Democratic centralism is fundamental in the administration both of our
state and of our socialist state-owned industrial enterprises. Comrade Liu Shao-chi has pointed out:
“The system adopted in managing our enterprises is a system which combines a high degree of centralization
with a high degree of democracy. All enterprises must abide by the unified leadership and planning of
the [Communist] Party and the state, and, by observing strict labour discipline, ensure unity of will
and action among the masses. At the same time, they should bring into full play the initiative and
creativeness of the workers, develop the supervisory role of the masses, and get them to take part in
the management of their enterprises.”1
All managment in our enterprises must conform to the spirit of democratic
centralism. This fully suits the socialist nature of our industrial enterprises and the objective demands
of modern industrial production. Both the nature of ownership by the whole people of the enterprises and
the highly socialized nature of modern industrial production call for a highly centralized and unified
leadership. Failing this, socialized production cannot be carried out in a normal way, nor can the
principles, policies and plans of the Communist Party and the state be implemented thoroughly. But the
centralized leadership of socialist industrial enterprises, in which staff and workers are also masters
and enjoy the right to participate in management, is fundamentally different from the arbitrary dictatorship
existing in capitalist enterprises.
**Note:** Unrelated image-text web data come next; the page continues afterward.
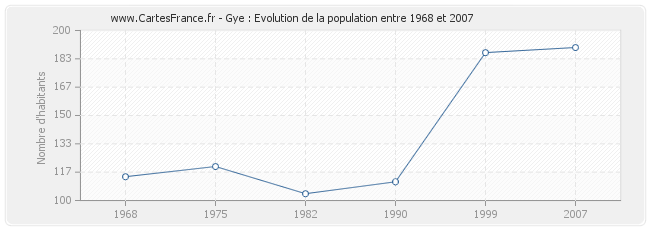 Population Gye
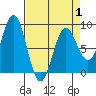 Palma Bay tide chart for Tuesday, April 1, 2025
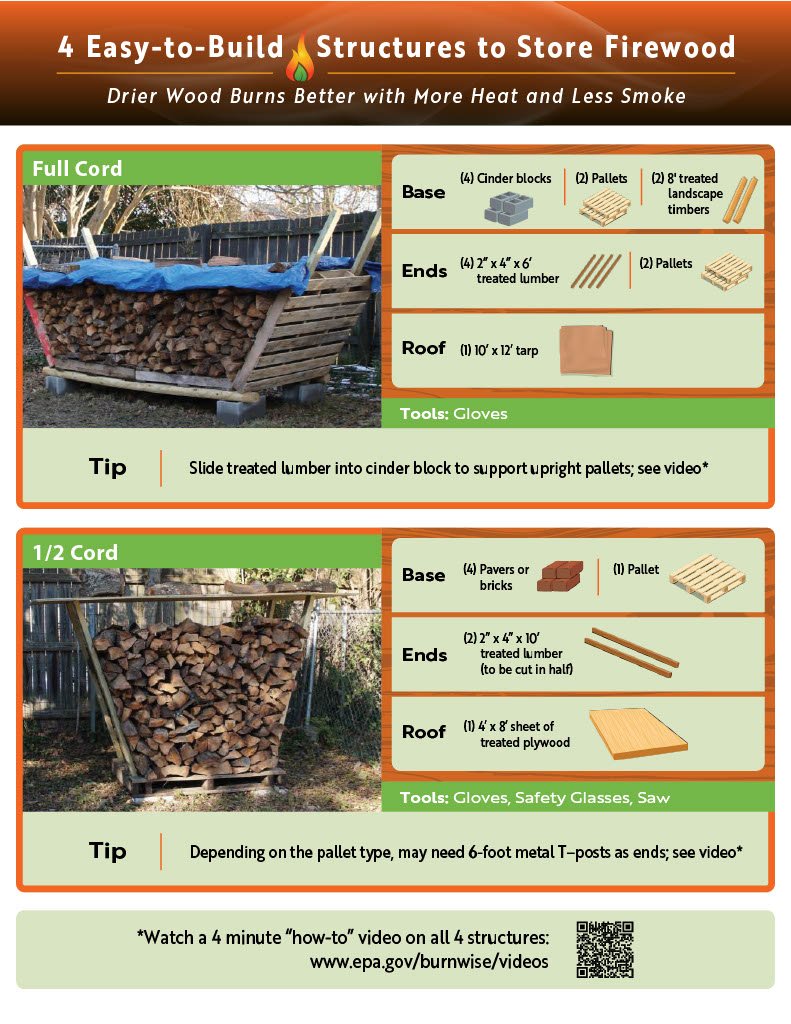 This is an image of the first page of a two-sided flyer with image, materials and tools needed to build 4 different firewood storage options.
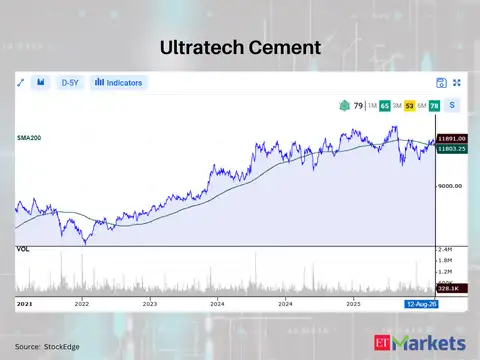 Ultratech Cement 
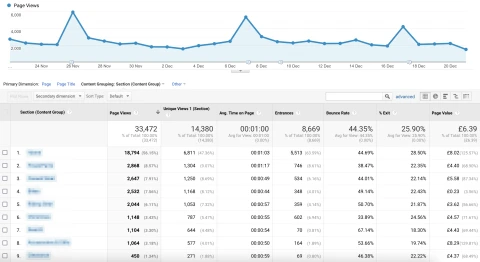 Content grouping google analytics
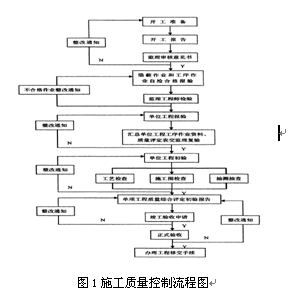 it外包_it外包服務_it運維 it服務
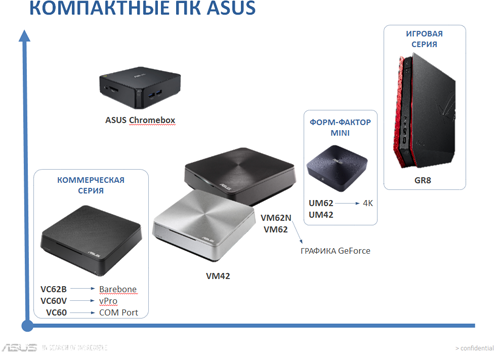 Intel vPro, серия VC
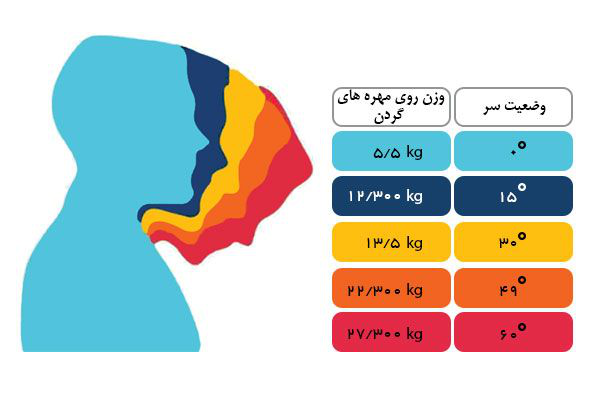 پيشگيري از گردن درد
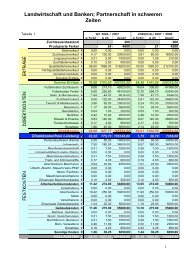 Landwirtschaft und Banken; Partnerschaft in schweren Zeiten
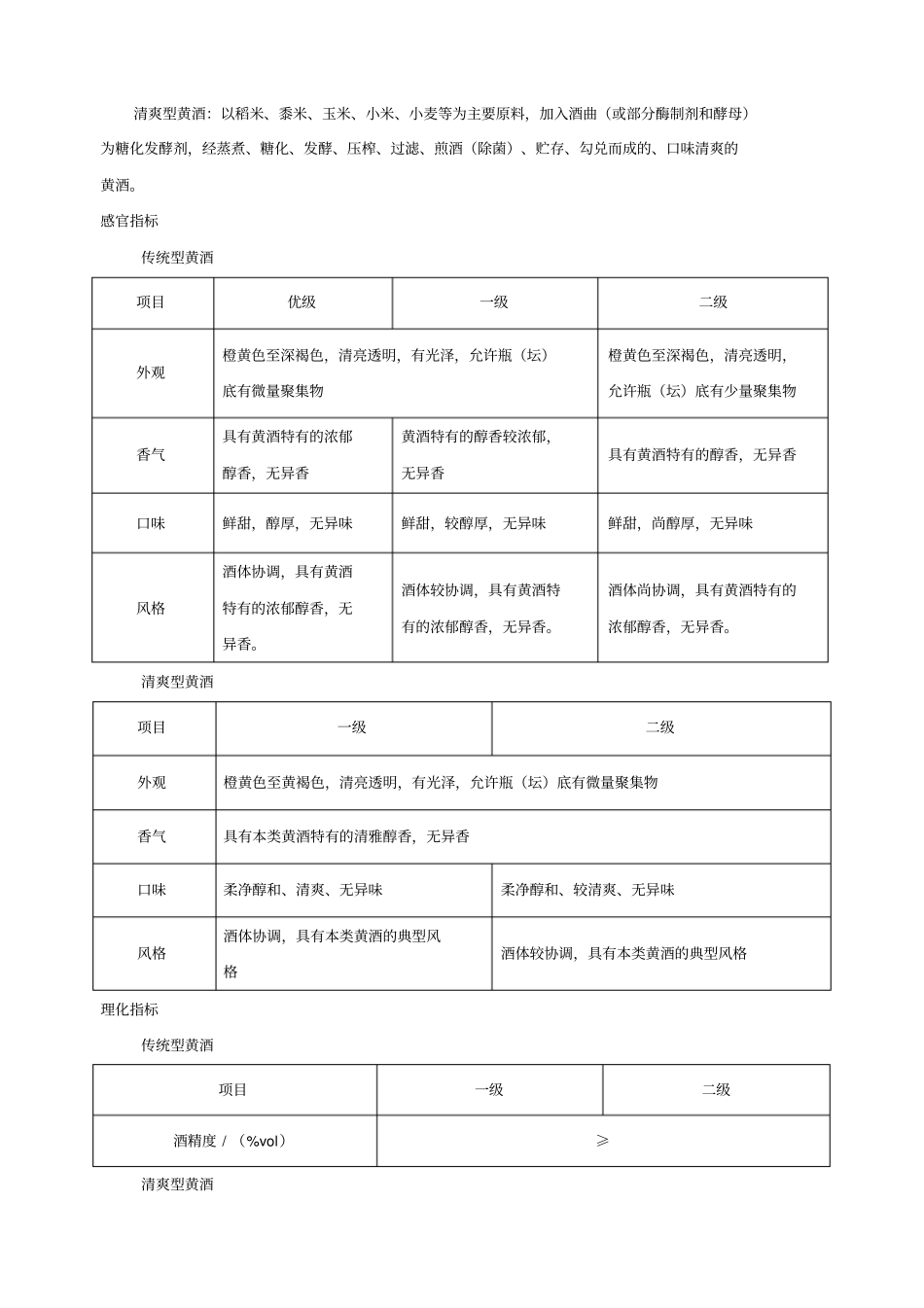 黄酒质量标准_第2页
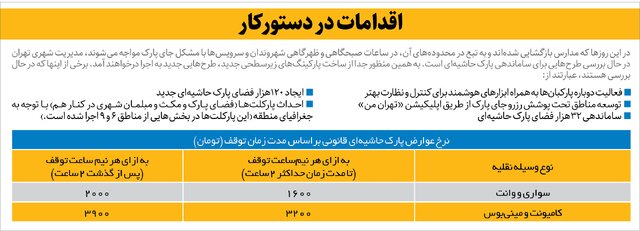 کاسبی با جای پارک کاسبی با جای پارک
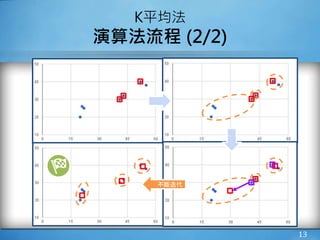 13
K平均法
演算法流程 (2/2)
不斷迭代
 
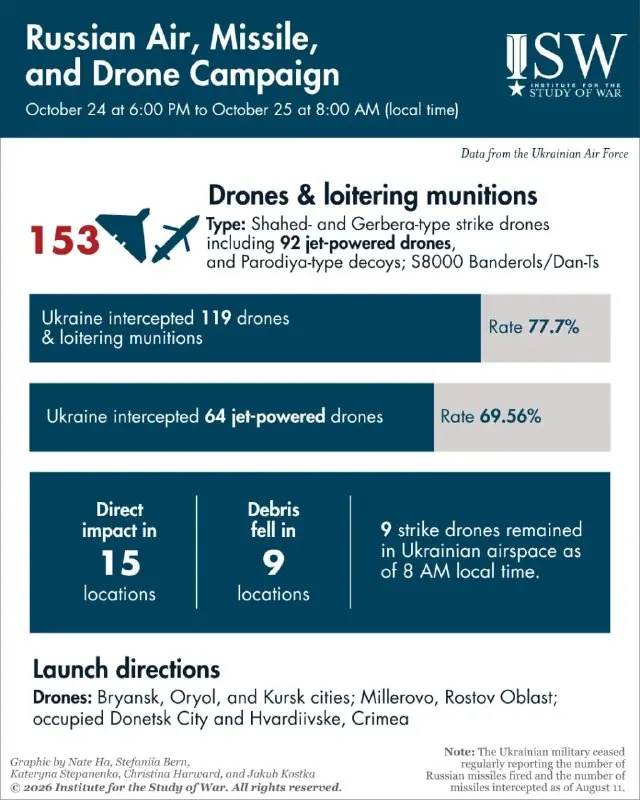 Chart from the Операция Z: Военкоры Русской Весны post of 26 October 2026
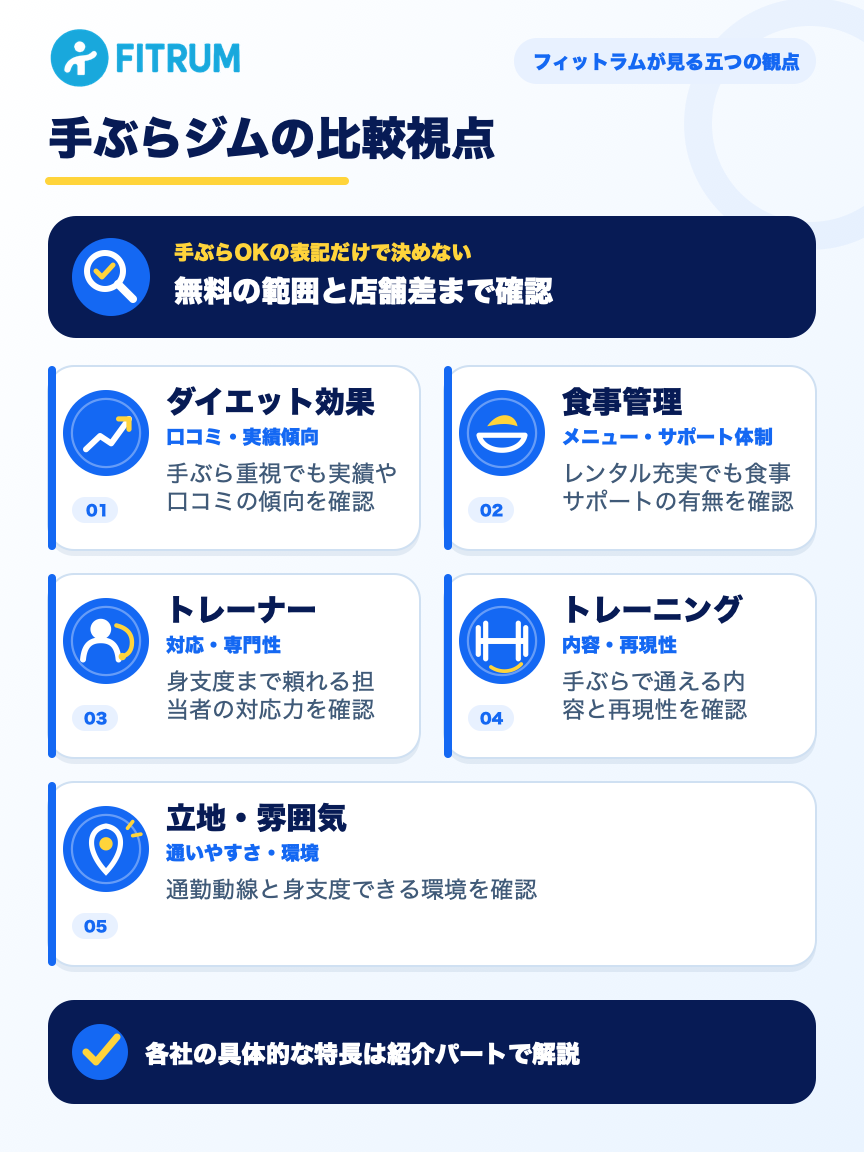 手ぶら対応のパーソナルジム選びでフィットラムが確認する五つの比較視点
It should and can be combined with extensive democracy. Our system of
democratic centralism is centralism based on democracy, and democracy under centralized guidance.
In leading socialist construction in China, our Party has developed a
whole system of management which integrates a high degree of centralization with a high degree of
democracy. Practice has proved that its correct implementation helps bring about in our industrial
enterprises a vigorous and lively political atmosphere in which there is both centralism and democracy,
discipline and freedom, unity of will and personal ease of mind. As a result, problems arising in the
enterprises can be solved more correctly and production developed with greater, faster, better and more
The following are among the major features of this system of management:
the director assumes full responsibility under the collective leadership of the Communist Party committee;
a conference of staff and workers’ representatives; cadres participate in labour and workers participate
in management; and close co-operation among leading cadres, technical personnel and workers.
Director Assumes Full Responsibility Under
Collective Leadership of Party Committee
The director assuming full responsibility under the collective leadership
of the Party committee is a fundamental feature of the system of management in our state-owned industrial
enterprises. The essence of this is the proper integration of collective leadership and personal
responsibility with the leadership of the Party as the core.
Collective leadership is the basic principle and consistent tradition of
our Party in given leadership. In his article “On Strengthening the Party Committee System,” Comrade Mao
Tse-tung gave a comprehensive summary of the successful experience gained by our Party in carrying out
collective leadership. He pointed out that “all important problems (of course, not the unimportant, trivial
problems, or problems whose solutions have already been decided after discussion at meetings and need only
be carried out) must be submitted to the committee for discussion, and the committee members present should
express their views fully and reach definite decisions which should then be carried out by the members
Why must we adhere to the collective leadership of the Party and persist
in having all important problems decided by the collective concerned instead of by individuals? This is
because different opinions of the masses and various aspects of objective things in the courise of their
development can be more comprehensively reflected through collective discussions with the airing of different
views. In this way the masses’ experience and opinions can be brought together and summed up more correctly
and decisions more consistent with reality reached. This has been fully borne out by the experience of our
Party in leading revolution and construction over a long period.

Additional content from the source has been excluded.